A decisão da volta de cultos e missas presenciais, foi publicada ao sistema do Tribunal um dia após o Brasil atingir mais de 3 mil mortes diárias

Por: Sophia Bernardes | 05 abril - 11:20

Após Kassio Nunes Marques liberar missas e cultos presenciais por todo o país, os ministros do STF (Supremo Tribunal Federal) têm pressionado para que o tema seja discutido em plenário, o que ainda não foi agendado.

A decisão Nunes foi publicada ao sistema do Tribunal um dia após o Brasil atingir mais de 3 mil mortes diárias.

Missas e cultos na pandemia

Foto: Tânia Rêgo/Agência Brasil

A maior parte dos ministros é contrária à liberação, assim a votação deve ser unânime.
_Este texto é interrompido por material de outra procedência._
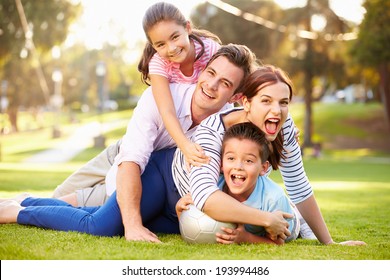 Family Lying On Grass In Park Together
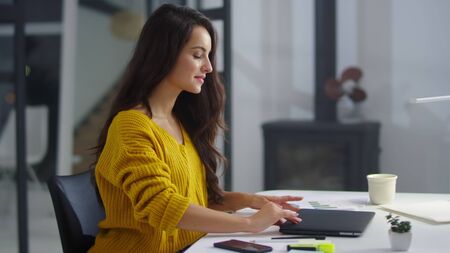 Happy business woman finishing work on laptop indoor. Close up pretty girl closing laptop in office at evening. Relaxed businesswoman meditating near computer at workplace.の写真素材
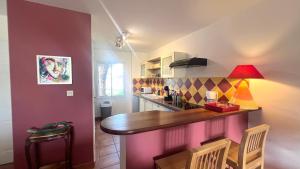 a kitchen with a wooden counter top in a room at Marisol les pieds dans l eau in Le Gosier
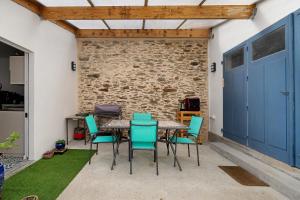 a table and chairs in a room with a brick wall at Les Passiflores - Chambre d'Hôtes in Pornic +10 photos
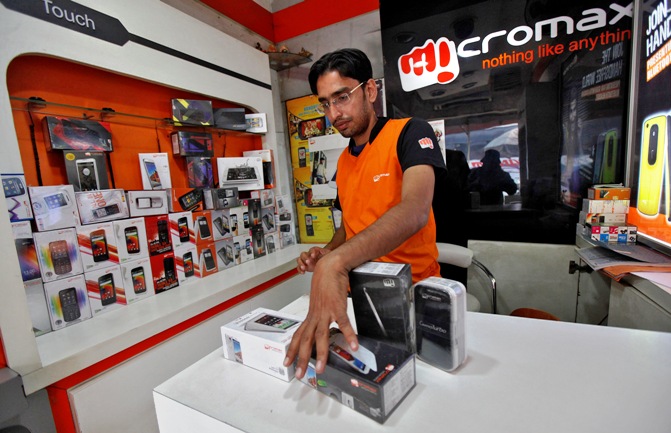 A worker displays a Micromax mobile phone inside a store in Kolkata.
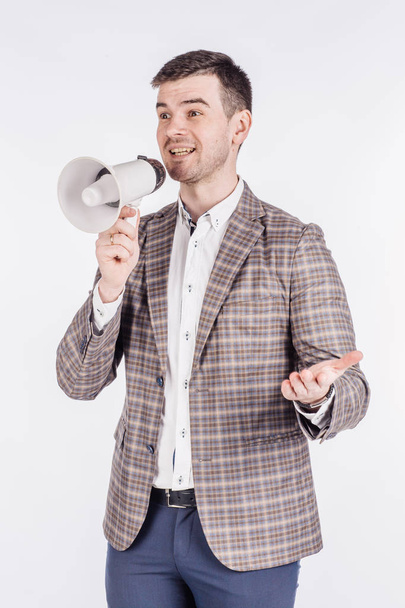 man holding megaphone. human emotion expression and lifestyle concept. image on a white studio background. - Zdjęcie, obraz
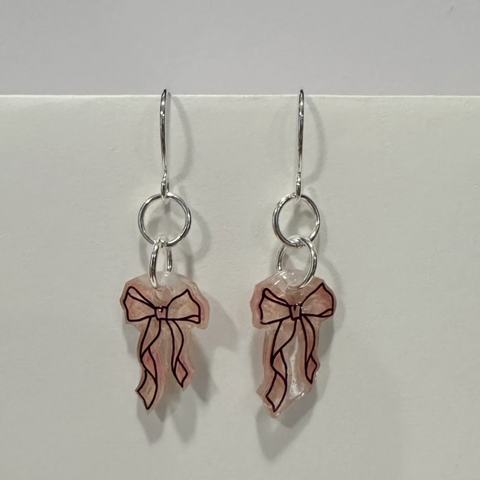 Earrings with bow designs on a light gray background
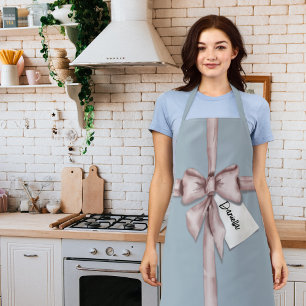 Wrapped in a pink bow apron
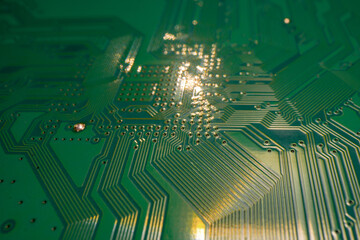 Electronic circuit board with semiconductors chip. Electronic motherboard card. Circuitry and close-up on electronics. Background of electronics on board electrical circuits, technology texture.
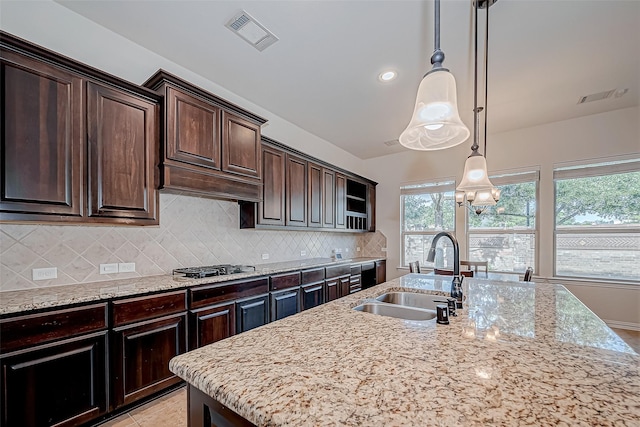 kitchen featuring light stone counters, backsplash, a sink, and visible vents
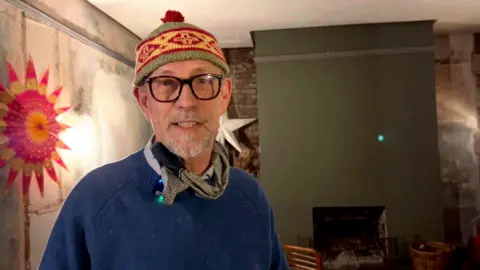 Man in hat wearing glasses and blue jumper and a scarf
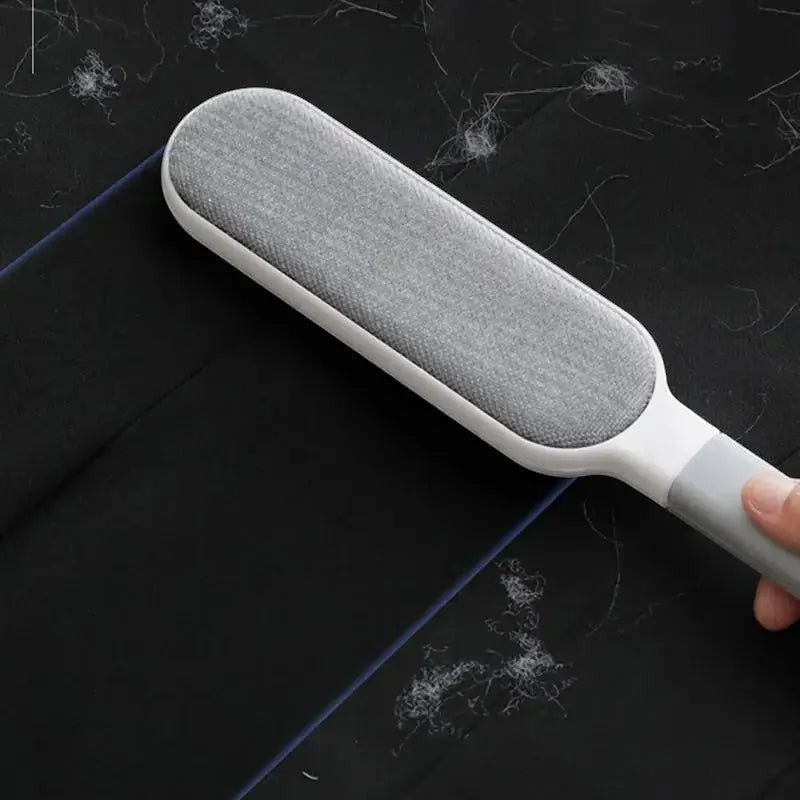 FurMidables double-sided electrostatic pet hair remover brush cleaning lint and fur from a black fabric surface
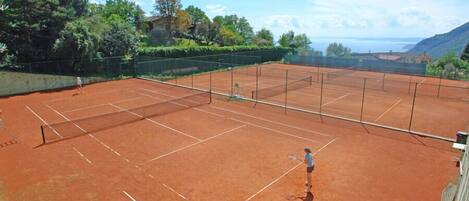 A tennis court with a net, surrounded by greenery and a view of the sea.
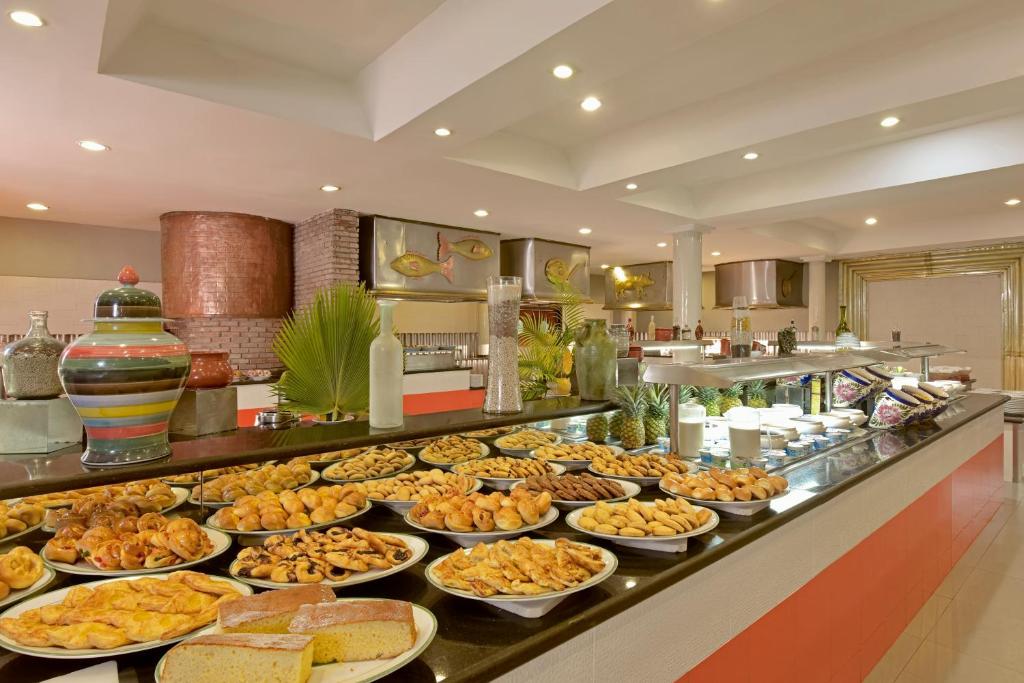 Bagātīgs bufetes galds ar dažādiem konditorejas izstrādājumiem un desertiem, kas pasniegti elegantā restorānā. Uz galda atrodas arī dekoratīvas trauku un augļu kompozīcijas.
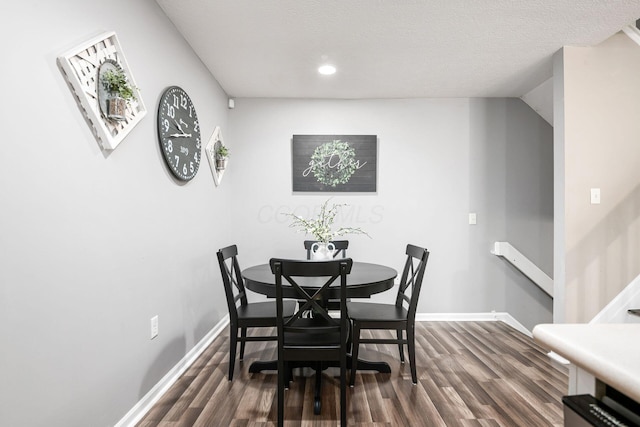 dining space with dark hardwood / wood-style flooring, a textured ceiling, and vaulted ceiling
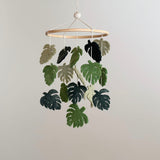 A felt baby mobile, featuring green wool felt leaves in various shapes and sizes, including what appear to be monstera leaves, hangs from a wooden hanger. The mobile's natural design brings the soothing essence of nature indoors, creating a tranquil ambiance perfect for nurseries.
A intenção dos magistrados é derrubar o ato, levando em conta o agravamento da pandemia no Brasil. Com base nos pronunciamentos tudo indica que o presidente da Corte, Luiz Fux, recuse a possibilidade de retorno das missas e cultos.

Marco Aurélio Mello se manifestou para criticar a decisão de Marques, em entrevista ao Jornal Estado de São Paulo, afirmou que, “O novato, pelo visto, tem expertise no tema. Pobre Supremo, pobre Judiciário. E atendeu a associação de juristas evangélicos. Onde vamos parar? Tempos estranhos!”.

Missas e cultos em São Paulo

Outra discussão latente no STF é a contestação da proibição de missas e cultos presenciais pelo governo de São Paulo por entidades religiosas.

Gilmar Mendes deve favorecer o estado e ir contra o pedido dos religiosos, defendendo a proibição das celebrações e reuniões religiosas, o ministro pretende levar a pauta ao plenário ainda esta semana.

Mesmo sendo temas semelhantes, a votação poderá ocorrer por méritos diferentes, mas as posições dos ministros perante o assunto devem se manter as mesmas em ambos os casos.